A convicted child killer who had claimed he was a victim of miscarriage of justice has died in a North-East prison, it has been revealed.

Andrew Pountley, 40, who was convicted of the rape and murder of his girlfriend's five-year-old daughter Rosemary McCann in February 1997, died in his cell at Durham City's Frankland Prison.

Rosemary disappeared from her home in Oldham in January. Seven weeks later, on March 4, her body was found by police in the corner of a small patch of waste ground.

Pountley was put on trial at Manchester Crown Court and convicted on February 1997. Mrs Justice Steel gave Pountley two life sentences and said he should serve 25 years.

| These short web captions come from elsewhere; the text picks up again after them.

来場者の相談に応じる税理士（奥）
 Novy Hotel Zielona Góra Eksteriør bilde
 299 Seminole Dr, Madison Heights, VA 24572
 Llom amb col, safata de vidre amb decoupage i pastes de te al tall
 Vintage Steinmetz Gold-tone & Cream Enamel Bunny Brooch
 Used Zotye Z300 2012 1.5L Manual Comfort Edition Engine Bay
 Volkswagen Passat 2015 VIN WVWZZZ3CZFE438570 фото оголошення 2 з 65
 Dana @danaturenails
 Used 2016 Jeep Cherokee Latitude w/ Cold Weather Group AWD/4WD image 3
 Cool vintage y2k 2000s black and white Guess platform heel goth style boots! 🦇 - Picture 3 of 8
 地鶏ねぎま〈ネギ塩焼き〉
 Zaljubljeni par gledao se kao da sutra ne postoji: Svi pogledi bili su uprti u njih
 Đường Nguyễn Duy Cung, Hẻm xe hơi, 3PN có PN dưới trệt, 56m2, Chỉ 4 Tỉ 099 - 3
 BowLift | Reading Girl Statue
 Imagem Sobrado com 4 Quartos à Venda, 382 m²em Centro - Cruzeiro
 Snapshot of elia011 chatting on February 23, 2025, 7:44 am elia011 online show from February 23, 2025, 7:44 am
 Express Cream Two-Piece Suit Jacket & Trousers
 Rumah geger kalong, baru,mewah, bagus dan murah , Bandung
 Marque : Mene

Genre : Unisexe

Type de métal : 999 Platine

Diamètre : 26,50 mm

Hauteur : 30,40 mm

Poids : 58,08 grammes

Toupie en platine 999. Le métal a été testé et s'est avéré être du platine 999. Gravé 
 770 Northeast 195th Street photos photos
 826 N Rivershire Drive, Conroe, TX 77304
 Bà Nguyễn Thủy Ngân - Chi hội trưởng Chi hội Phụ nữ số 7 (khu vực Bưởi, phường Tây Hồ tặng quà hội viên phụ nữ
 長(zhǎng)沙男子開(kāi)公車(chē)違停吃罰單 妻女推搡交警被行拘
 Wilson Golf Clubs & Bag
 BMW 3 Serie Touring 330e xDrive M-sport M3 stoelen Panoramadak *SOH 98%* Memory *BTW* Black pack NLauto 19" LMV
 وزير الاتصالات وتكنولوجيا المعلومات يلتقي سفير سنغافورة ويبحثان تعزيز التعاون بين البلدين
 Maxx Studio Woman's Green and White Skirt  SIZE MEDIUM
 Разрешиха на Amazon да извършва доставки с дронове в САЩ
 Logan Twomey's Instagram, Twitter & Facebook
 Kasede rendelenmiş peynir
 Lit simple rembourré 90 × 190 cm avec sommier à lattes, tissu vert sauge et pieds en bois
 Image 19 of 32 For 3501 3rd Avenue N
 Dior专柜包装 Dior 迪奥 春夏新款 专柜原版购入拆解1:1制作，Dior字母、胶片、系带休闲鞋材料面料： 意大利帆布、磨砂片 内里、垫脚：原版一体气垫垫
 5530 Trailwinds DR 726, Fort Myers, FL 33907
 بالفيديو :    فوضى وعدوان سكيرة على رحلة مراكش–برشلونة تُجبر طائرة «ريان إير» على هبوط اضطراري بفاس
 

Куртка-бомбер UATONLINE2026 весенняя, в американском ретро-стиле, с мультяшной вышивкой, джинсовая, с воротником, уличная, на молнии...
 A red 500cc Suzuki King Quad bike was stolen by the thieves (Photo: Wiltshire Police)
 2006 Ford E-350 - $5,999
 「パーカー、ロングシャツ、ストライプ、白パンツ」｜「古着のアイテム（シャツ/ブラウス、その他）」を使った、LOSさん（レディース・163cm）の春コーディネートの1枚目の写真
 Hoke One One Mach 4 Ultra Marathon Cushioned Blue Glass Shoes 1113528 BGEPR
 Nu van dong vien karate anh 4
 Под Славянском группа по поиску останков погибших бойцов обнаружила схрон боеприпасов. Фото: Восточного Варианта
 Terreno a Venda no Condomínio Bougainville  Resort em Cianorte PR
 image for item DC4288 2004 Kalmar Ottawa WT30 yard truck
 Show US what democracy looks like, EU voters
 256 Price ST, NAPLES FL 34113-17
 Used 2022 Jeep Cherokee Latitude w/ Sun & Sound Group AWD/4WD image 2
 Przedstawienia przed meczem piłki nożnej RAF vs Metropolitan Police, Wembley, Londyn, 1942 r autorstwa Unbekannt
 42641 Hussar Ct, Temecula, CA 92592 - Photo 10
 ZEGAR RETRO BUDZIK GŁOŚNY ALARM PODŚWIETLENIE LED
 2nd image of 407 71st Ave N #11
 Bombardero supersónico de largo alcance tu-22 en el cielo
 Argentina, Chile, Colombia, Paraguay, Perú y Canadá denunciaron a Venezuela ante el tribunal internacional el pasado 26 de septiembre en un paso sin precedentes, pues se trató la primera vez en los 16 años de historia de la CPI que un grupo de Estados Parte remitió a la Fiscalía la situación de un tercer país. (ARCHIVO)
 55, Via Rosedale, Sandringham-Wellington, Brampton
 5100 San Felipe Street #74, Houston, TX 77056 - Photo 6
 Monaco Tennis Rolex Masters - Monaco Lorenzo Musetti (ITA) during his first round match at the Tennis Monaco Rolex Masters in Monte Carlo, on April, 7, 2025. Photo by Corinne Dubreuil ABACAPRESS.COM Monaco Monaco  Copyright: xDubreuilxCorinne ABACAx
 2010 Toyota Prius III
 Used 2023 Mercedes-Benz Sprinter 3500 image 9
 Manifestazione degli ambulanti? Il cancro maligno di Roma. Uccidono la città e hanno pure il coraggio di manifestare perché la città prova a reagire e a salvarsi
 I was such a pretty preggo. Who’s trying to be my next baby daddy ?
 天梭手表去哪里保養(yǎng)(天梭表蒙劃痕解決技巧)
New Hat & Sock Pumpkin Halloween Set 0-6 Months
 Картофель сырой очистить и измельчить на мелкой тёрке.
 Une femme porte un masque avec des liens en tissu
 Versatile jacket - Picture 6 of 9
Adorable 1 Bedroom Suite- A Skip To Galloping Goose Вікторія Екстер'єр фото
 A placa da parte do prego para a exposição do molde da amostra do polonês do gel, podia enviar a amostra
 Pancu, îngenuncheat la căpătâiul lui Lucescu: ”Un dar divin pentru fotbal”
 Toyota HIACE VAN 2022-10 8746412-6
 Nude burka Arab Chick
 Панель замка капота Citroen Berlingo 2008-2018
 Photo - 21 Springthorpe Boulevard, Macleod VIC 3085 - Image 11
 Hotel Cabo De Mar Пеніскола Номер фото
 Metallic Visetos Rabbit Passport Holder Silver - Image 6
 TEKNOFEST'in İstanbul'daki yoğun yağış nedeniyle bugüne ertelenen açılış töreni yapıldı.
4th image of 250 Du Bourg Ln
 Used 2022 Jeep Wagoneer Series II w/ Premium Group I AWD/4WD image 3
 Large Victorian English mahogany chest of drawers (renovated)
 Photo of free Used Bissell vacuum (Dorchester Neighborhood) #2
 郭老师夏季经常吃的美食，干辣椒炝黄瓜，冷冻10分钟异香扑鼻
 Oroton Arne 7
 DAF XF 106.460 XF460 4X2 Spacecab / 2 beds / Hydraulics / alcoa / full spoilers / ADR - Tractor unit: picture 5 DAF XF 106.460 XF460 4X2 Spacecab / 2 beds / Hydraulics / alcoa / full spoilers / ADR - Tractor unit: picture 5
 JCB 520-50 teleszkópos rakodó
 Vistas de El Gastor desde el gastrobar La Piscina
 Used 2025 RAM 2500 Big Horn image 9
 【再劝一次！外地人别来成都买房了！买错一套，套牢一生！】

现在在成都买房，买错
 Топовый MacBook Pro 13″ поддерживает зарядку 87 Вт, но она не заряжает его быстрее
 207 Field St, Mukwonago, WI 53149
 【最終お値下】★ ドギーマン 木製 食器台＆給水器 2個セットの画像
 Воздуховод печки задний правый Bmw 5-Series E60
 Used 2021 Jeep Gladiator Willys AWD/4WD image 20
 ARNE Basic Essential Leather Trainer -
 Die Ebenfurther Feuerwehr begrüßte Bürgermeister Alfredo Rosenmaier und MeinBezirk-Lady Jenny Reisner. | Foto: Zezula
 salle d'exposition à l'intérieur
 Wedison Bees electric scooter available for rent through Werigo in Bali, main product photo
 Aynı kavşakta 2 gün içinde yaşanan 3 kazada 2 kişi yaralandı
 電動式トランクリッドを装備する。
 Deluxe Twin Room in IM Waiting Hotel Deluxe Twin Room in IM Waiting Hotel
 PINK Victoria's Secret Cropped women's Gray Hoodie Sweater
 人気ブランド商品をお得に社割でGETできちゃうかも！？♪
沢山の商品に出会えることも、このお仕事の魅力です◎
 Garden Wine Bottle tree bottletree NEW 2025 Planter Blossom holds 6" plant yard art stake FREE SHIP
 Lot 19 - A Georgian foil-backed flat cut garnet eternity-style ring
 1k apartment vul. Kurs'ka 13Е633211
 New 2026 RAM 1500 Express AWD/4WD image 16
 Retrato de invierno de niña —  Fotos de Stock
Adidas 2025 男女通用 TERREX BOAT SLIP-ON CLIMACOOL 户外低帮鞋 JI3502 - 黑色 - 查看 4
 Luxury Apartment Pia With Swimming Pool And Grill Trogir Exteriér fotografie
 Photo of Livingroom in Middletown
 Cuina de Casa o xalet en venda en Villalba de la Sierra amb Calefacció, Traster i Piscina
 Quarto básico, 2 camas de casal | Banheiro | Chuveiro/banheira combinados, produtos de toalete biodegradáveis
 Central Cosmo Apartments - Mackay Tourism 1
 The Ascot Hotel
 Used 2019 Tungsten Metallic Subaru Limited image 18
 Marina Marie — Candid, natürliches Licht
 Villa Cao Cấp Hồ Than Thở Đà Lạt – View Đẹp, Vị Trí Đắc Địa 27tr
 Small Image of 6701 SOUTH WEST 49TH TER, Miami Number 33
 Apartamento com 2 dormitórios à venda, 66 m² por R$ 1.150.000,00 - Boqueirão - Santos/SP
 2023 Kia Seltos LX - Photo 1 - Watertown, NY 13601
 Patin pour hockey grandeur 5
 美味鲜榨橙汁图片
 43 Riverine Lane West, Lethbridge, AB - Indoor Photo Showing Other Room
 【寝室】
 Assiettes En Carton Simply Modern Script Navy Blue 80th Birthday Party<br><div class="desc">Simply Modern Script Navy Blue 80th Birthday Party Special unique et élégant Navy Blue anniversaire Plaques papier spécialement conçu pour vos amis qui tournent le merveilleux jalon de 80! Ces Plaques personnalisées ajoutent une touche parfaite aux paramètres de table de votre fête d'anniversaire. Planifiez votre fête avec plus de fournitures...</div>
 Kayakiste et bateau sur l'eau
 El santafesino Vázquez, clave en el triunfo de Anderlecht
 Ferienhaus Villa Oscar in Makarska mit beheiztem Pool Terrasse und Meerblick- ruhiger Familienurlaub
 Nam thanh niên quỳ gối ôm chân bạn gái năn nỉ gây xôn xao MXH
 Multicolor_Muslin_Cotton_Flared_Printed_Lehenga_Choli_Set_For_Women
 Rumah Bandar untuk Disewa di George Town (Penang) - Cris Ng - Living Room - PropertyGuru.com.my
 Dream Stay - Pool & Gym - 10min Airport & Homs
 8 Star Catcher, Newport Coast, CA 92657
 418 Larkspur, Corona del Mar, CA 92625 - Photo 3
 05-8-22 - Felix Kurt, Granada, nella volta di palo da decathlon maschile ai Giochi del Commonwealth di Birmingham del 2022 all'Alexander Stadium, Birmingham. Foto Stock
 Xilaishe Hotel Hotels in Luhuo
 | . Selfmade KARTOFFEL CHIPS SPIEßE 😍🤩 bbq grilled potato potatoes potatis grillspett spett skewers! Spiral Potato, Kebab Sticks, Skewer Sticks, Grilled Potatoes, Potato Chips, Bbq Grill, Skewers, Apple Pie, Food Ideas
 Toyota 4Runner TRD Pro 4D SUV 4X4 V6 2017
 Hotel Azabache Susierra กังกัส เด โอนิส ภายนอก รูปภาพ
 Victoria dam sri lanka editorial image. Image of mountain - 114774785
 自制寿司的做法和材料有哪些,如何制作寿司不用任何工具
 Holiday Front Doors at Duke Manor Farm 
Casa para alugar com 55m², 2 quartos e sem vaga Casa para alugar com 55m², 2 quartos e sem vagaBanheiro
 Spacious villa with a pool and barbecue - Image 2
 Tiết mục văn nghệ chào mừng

But last night the Manchester-based campaigning group Innocent said it would continue to fight to clear his name.

An Innocent spokesman said: "The case of Andrew Pountley is horrifying and deeply disturbing, not just because it concerns the worst kind of crime imaginable, nor because the Oldham police were so keen to build a case against an unlikely suspect, using very dubious evidence.

"But above all because whoever committed this terrible crime remains free to do it again."

According to Innocent a key witness who said he had given a lift to a man with a small girl wearing pyjamas had only had a feeling that he recognised Pountley.

When the police searched his house for the third time, they found a pyjama top with a Thomas the Tank Engine design on it. They took it to show the mother and the baby-sitters, who said it was the one that Rosemary had been wearing when she was put to bed.

Along with other forensic evidence the case seemed damning, but it could have all been challenged, according to Innocent.

Mr Pountley is believed to have died of natural causes. An inquest will open in Chester-le-Street on Wednesday.